The Pacific Islands, which include Hawaii and the U.S. Pacific territories, are home to 96 percent of U.S. MPAs of varying levels of protection and 99.5 percent of U.S. marine reserves, areas that are fully to highly protected. Meanwhile, less than 2 percent of the waters around the continental United States are set aside in MPAs, nearly all of which have the lowest levels of protection. This disparity undermines the conservation goals at the core of the 30×30 push, as protections in the Pacific mask the paucity of protection in the rest of the country. Achieving this national goal requires ensuring a representative network of protected areas.

99.5%

Percentage of U.S. marine reserves that are located in the Pacific Islands

Additionally, protected areas only result in benefits to nature and people when they are implemented and well enforced. This occurs when a management plan is enacted with planned activities to mitigate threats and achieve conservation goals, such as the hiring of staff or the monitoring of resources. Yet some of the largest protected areas in the United States remain unimplemented.

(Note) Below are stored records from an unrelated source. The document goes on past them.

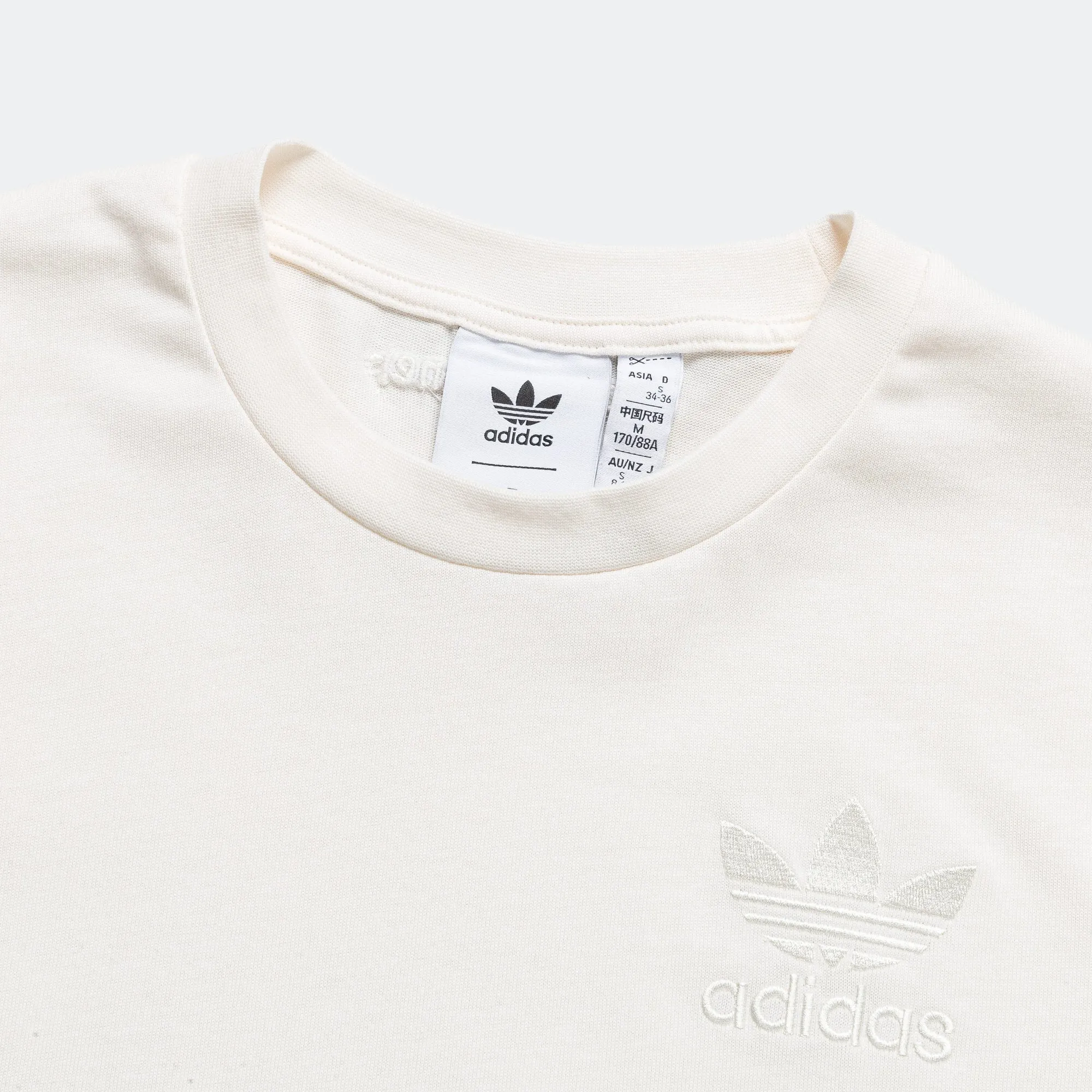 Womens T-Shirt x Wales Bonner - Core White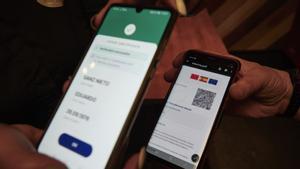 Mor per covid una dona amb un certificat de vacunació fals en un hospital de França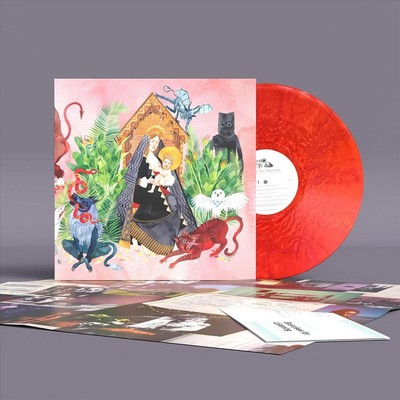 FATHER JOHN MISTY I LOVE YOU, HONEYBEAR NEW LP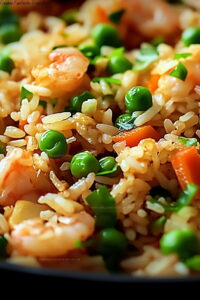 Classic Skillet Fried Rice Recipe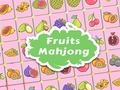 Játék Fruits Mahjong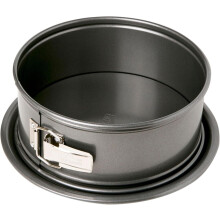 Removable bottom mold - BIRKMANN - EASY BAKING - Carbon steel - Non-stick - 20 x 20 x 9 cm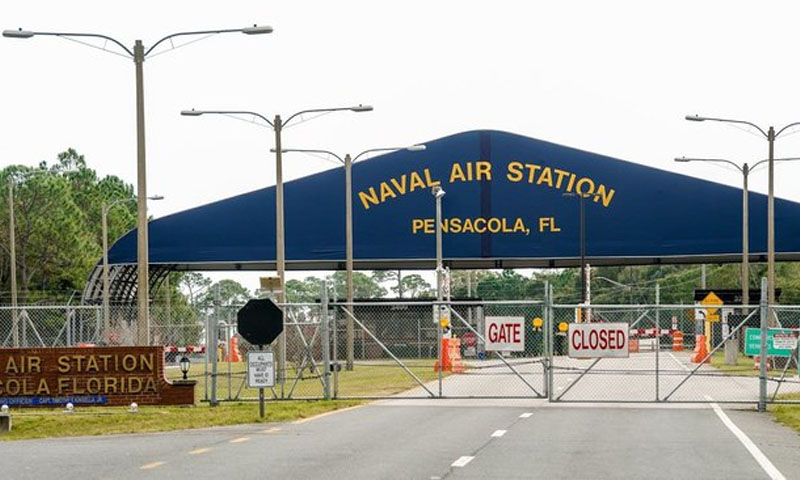 امریکی نیول اہلکاروں کا قتل: سعودی عرب کے خلاف مقدمہ درج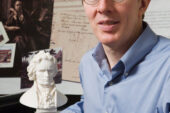 Musicologist William Kinderman has been selected to receive the prestigious Humboldt Research Award.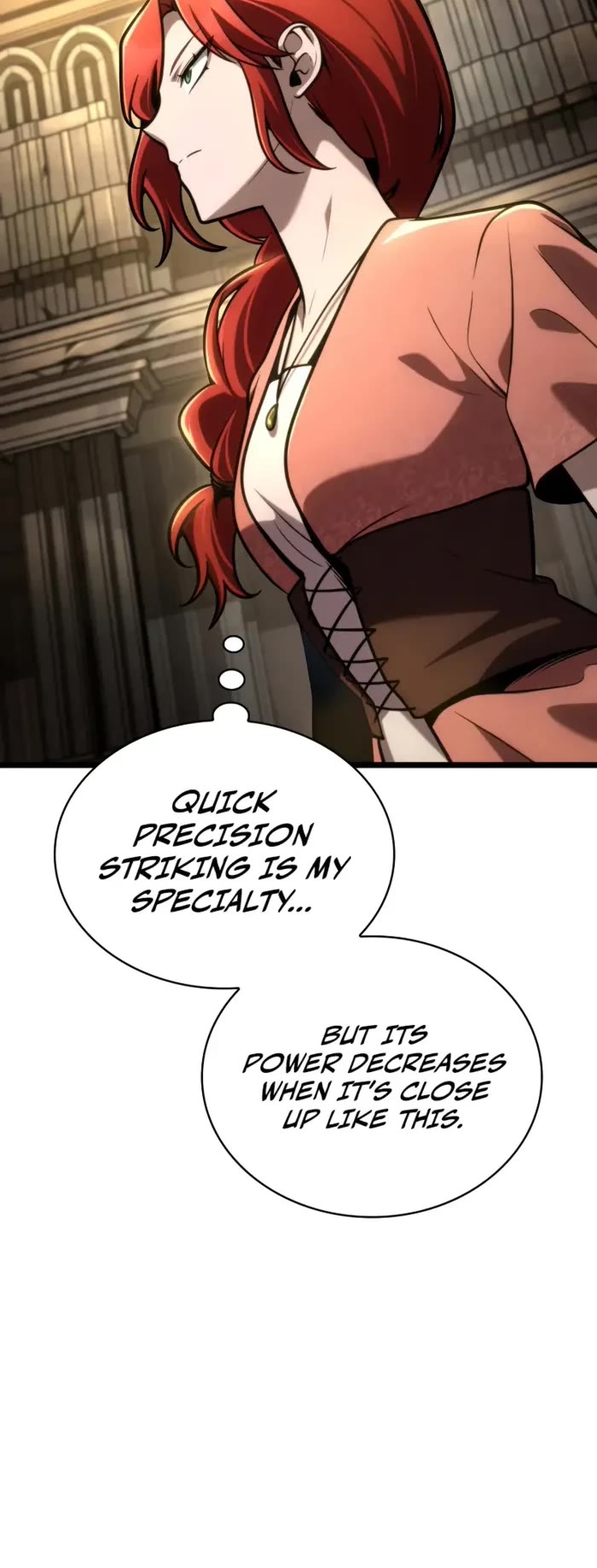 Infinite Mage Chapter 121 page 39 - Chapter 121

For example, the Mariana Trench and the Pacific Remote Islands marine national monuments, which were designated during the Bush administration in 2009, have yet to deliver final management plans three presidential administrations later. The Mariana Trench Marine National Monument only has one ranger in the Mariana Islands, responsible for an area 20 times the size of Yellowstone National Park. And the Northeast Canyons and Seamounts Marine National Monument, designated in 2016 during the Obama administration, just announced a notice of intent to begin the multiyear process of developing a management plan.

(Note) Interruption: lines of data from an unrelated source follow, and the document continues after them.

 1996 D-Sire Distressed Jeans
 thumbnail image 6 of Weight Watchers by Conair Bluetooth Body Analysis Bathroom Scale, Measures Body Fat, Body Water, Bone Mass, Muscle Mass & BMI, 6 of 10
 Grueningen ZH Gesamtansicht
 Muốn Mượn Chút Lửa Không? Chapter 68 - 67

Additional protected area designations are going to be critical for achieving 30×30 in the United States. The National Oceanic and Atmospheric Administration (NOAA) should build up its National Marine Sanctuaries program by working with and following the lead of nominating communities to begin or complete designation of all proposed national marine sanctuaries in its inventory of successful nominations, including Chumash Heritage, Hudson Canyon, Mariana Trench, Alaĝum Kanuux̂, and Papahānaumokuākea.

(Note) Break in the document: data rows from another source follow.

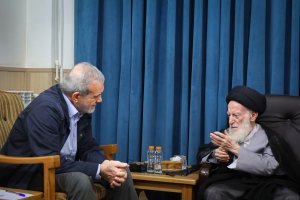 اگر مسلمانان منطقه به وحدت برسند، می‌توانند یک قدرت بزرگ در منطقه باشند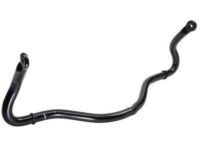 GMC Sierra Sway Bar Kit - 15095086 Shaft, Rear Stabilizer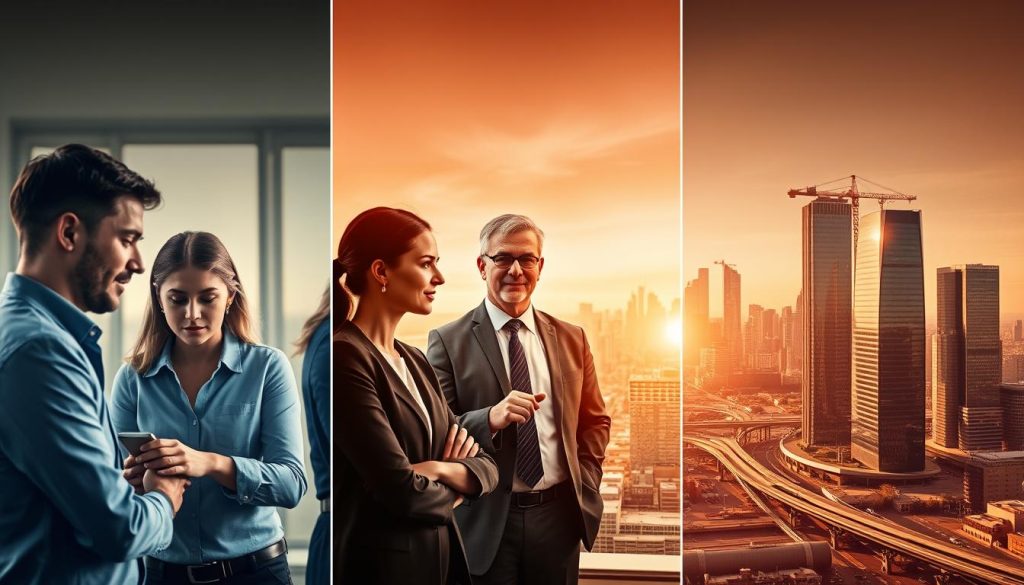 tripartite collaboration portage salarial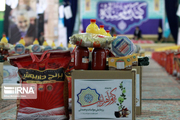 توزیع ۲۴ هزار بسته غذایی توسط ستاد اجرایی فرمان امام (ره) در زنجان آغاز شد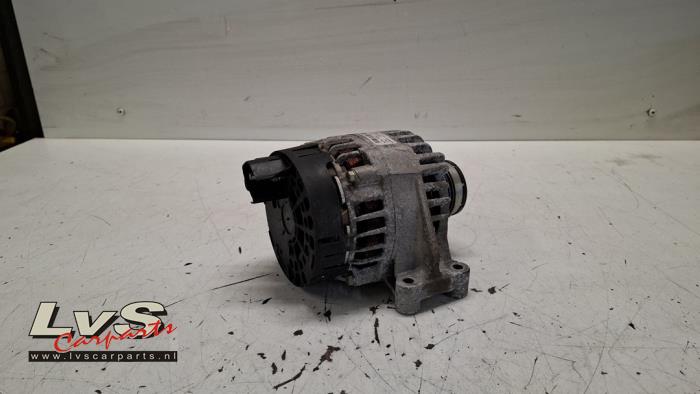 Fiat 500 Dynamo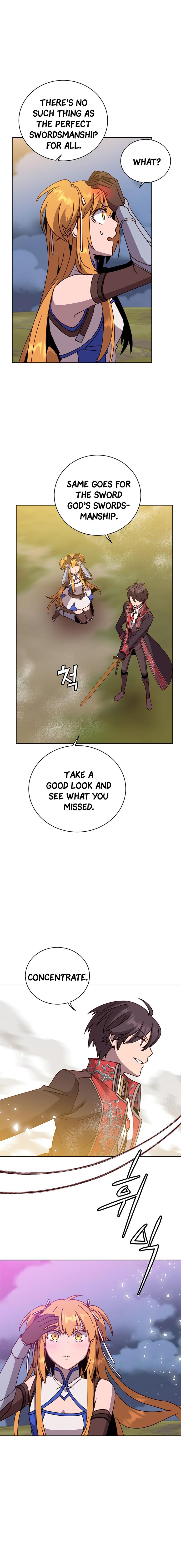 Read The Max Level Hero Strikes Back Manga Online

In addition to new designations, the United States needs to fund, staff, and implement existing protected areas. Without addressing these gaps, the laudable conservation progress made under the Biden administration remains incomplete.

The U.S. Fish and Wildlife Service and NOAA should commit to a deadline to complete and publish management plans for the Mariana Trench, Pacific Remote Islands, and Northeast Canyon and Seamounts marine national monuments. Additionally, the Biden administration must give critical federal support to front-line ocean communities, especially those living in the U.S. Pacific Territories, to participate in ocean conservation initiatives. This includes engaging local communities in the implementation of existing protected areas and recognizing the rights of Indigenous peoples and involving them in a meaningful way in management decisions and advisory roles.

Offshore wind 

Offshore wind energy has incredible potential to accelerate the clean energy transition. It is a more cost-effective energy source than offshore drilling for oil and gas, and the Inflation Reduction Act contains provisions that allow the United States to make progress on the goal of achieving 30 gigawatts of offshore wind by 2030—a necessary and timely investment in the effort to transition away from fossil fuels.

However, to fulfill its promise, the industry must scale up in a way that creates good union jobs and long-term economic sustainability; minimizes impacts to a fragile marine environment; and balances other ocean uses. The Biden administration has an opportunity right now to implement a big-picture, forward-looking vision and intentionally design the large-scale system—that is, an offshore grid, ports, and domestic supply chains—and regional economic hubs that will create tens of thousands of good jobs and minimize environmental impacts. However, the window to direct how the industry will scale is quickly closing.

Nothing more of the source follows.